The two-step detachment method is then carried out at the face whose roughness was corrected during the finishing step, in order to provide on the one hand a thin layer, optionally bonded onto a support, and on the other hand the donor wafer reduced by the thickness of the thin layer.
This donor wafer can then be reused for the fabrication of a second thin layer after subjecting it to another step of recycling and surface correction.
Although this type of method has provided genuine progress in the fabrication of thin layers, and especially in the fabrication of SOI structures, it is still desirable to improve it, especially in terms of efficiency, speed and fabrication cost, and in particular to reduce the number of fabrication steps.
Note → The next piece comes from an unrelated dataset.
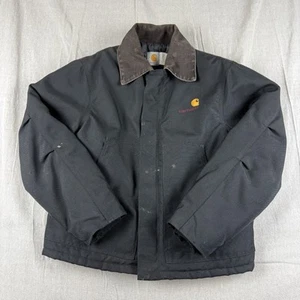 Vintage Carhartt J20 BLK Jacket Men's M Regular Arctic Quilt Lined USA - Picture 1 of 21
It would thus be useful to substantially reduce the number of recycling steps required. For example, it would be conceivable to form a weakened region on each of the faces of the donor wafer, then to detach two thin layers simultaneously, as proposed for example in U.S. Pat. Nos. 6,613,678 and 5,856,229, thus avoiding intermediate recycling between two detachments.
Such double implantation followed by such double detachment, however, involves extra technical working difficulties such as the need to turn the donor wafer over in order to form the second weakened region, thus increasing the risk of contamination and electrical and mechanical damage, the need for large and expensive equipment to bond two receptor wafers simultaneously onto the two faces of the donor wafer, and more difficult coordination of the various working steps since both the handling and processing tasks are increased at the same time.
For these reasons, these latter methods do not constitute technical progress in relation to the former ones, but instead lead to undesirable extra technical difficulties.